Re: [RFC PATCH v3 14/16] cxl/mem: Use CEL for enabling commands

From: Jonathan Cameron
Date: Thu Jan 14 2021 - 13:04:22 EST


On Mon, 11 Jan 2021 14:51:19 -0800
Ben Widawsky <ben.widawsky@xxxxxxxxx> wrote:

> The Command Effects Log (CEL) is specified in the CXL 2.0 specification.
> The CEL is one of two types of logs, the other being vendor specific.
> They are distinguished in hardware/spec via UUID. The CEL is immediately
> useful for 2 things:
> 1. Determine which optional commands are supported by the CXL device.
> 2. Enumerate any vendor specific commands
>
> The CEL can be used by the driver to determine which commands are
> available in the hardware (though it isn't, yet). That set of commands
> might itself be a subset of commands which are available to be used via
> CXL_MEM_SEND_COMMAND IOCTL.
>
> Prior to this, all commands that the driver exposed were explicitly
> enabled. After this, only those commands that are found in the CEL are
> enabled.
>
> Signed-off-by: Ben Widawsky <ben.widawsky@xxxxxxxxx>

This patch made me wonder if the model for the command in quite right.
I think it would end up simpler with a pair of payload pointers for send
and receive (that can be equal when it makes sense).

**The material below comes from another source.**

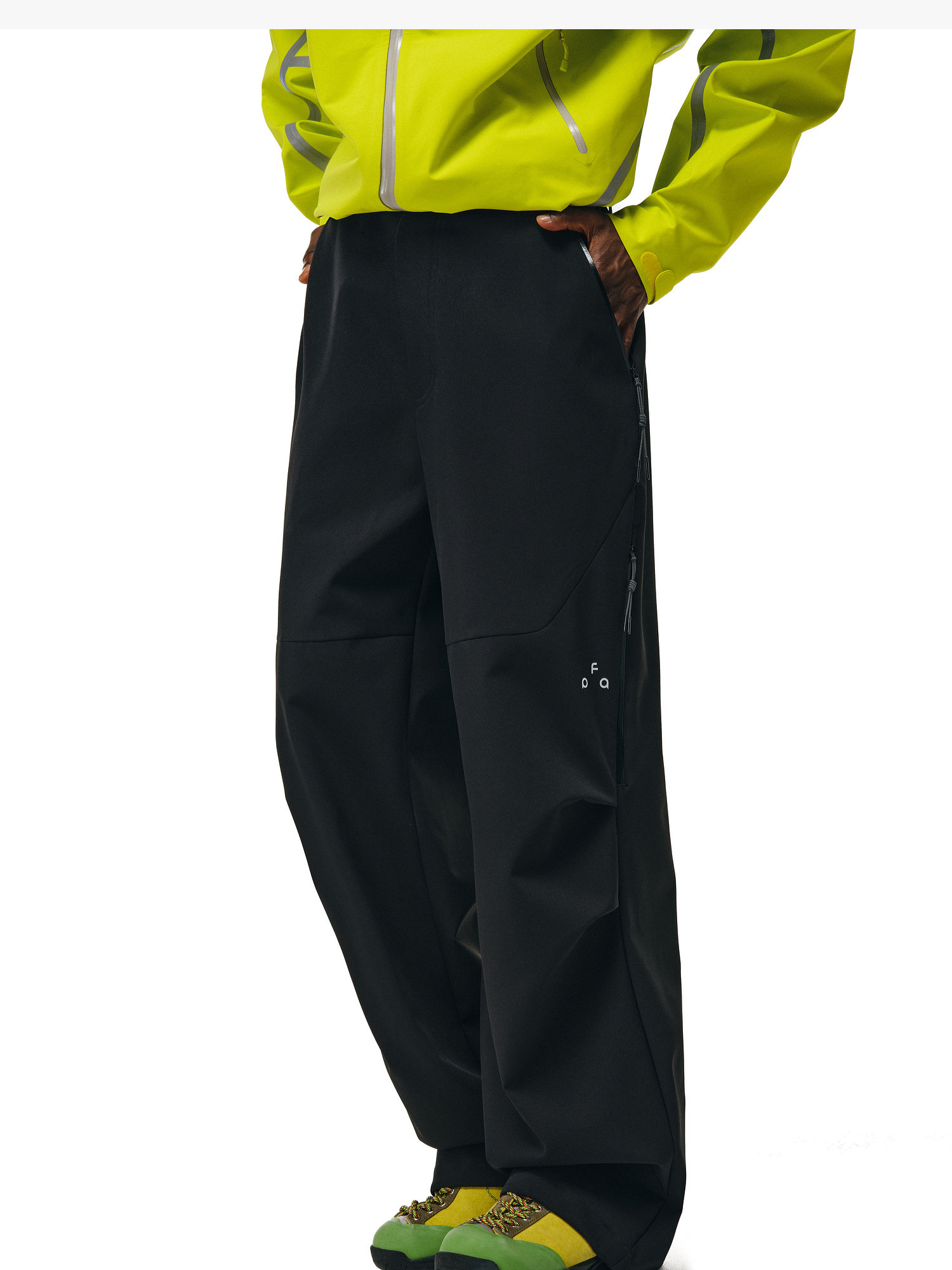 A person stands with hands in pockets against a white background, wearing Softshell Joggers by EastLyst, a bright yellow waterproof polyester jacket, and green-and-yellow sandals.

A few other things inline.

Jonathan

> ---
> drivers/cxl/mem.c | 178 +++++++++++++++++++++++++++++++++--
> include/uapi/linux/cxl_mem.h | 1 +
> 2 files changed, 172 insertions(+), 7 deletions(-)
>
> diff --git a/drivers/cxl/mem.c b/drivers/cxl/mem.c
> index 20b26fa2c466..6dfc8ff0aefb 100644
> --- a/drivers/cxl/mem.c
> +++ b/drivers/cxl/mem.c
> @@ -44,8 +44,10 @@
> enum opcode {
> CXL_MBOX_OP_INVALID = 0x0000,
> #define CXL_MBOX_OP_RAW CXL_MBOX_OP_INVALID
> - CXL_MBOX_OP_IDENTIFY = 0x4000,

Fix the space vs tabs in earlier patch so this diff doesn't end up looking
weird and make people wonder what changed about that line.

> - CXL_MBOX_OP_MAX = 0x10000
> + CXL_MBOX_OP_GET_SUPPORTED_LOGS = 0x0400,
> + CXL_MBOX_OP_GET_LOG = 0x0401,
> + CXL_MBOX_OP_IDENTIFY = 0x4000,
> + CXL_MBOX_OP_MAX = 0x10000
> };
>
> /**
> @@ -104,6 +106,16 @@ static struct {
> .opcode = CXL_MBOX_OP_##_id, \
> }
>
> +enum {
> + CEL_UUID,
> + DEBUG_UUID
> +};
> +
> +static const uuid_t log_uuid[] = {
> + UUID_INIT(0xda9c0b5, 0xbf41, 0x4b78, 0x8f, 0x79, 0x96, 0xb1, 0x62, 0x3b, 0x3f, 0x17),
Whilst it will make some long lines, probably good to make the association of these with the enum
explicit.

[CEL_UUID] = UUID_INIT(...),
[DEBUG_UUID] = UUID_INIT(...),
Trailing comma for both this and the enum probably wise as I'm sure we'll get more of these
at some point.

> + UUID_INIT(0xe1819d9, 0x11a9, 0x400c, 0x81, 0x1f, 0xd6, 0x07, 0x19, 0x40, 0x3d, 0x86)
> +};
> +
> /**
> * struct cxl_mem_command - Driver representation of a memory device command
> * @info: Command information as it exists for the UAPI
> @@ -144,6 +156,7 @@ static struct cxl_mem_command mem_commands[] = {
> CXL_CMD(INVALID, KERNEL, 0, 0, HIDDEN),
> CXL_CMD(IDENTIFY, NONE, 0, 0x43, MANDATORY),
> CXL_CMD(RAW, NONE, ~0, ~0, PSEUDO),
> + CXL_CMD(GET_SUPPORTED_LOGS, NONE, 0, ~0, MANDATORY),
> };
>
> #define cxl_for_each_cmd(cmd) \
> @@ -1036,6 +1049,103 @@ static int cxl_mem_add_memdev(struct cxl_mem *cxlm)
> return rc;
> }
>
> +struct cxl_mbox_get_supported_logs {
> + __le16 entries;
> + u8 rsvd[6];
> + struct gsl_entry {
> + uuid_t uuid;
> + __le32 size;
> + } __packed entry[2];
> +} __packed;

blank line here. Help my eyes parse the code if nothing else.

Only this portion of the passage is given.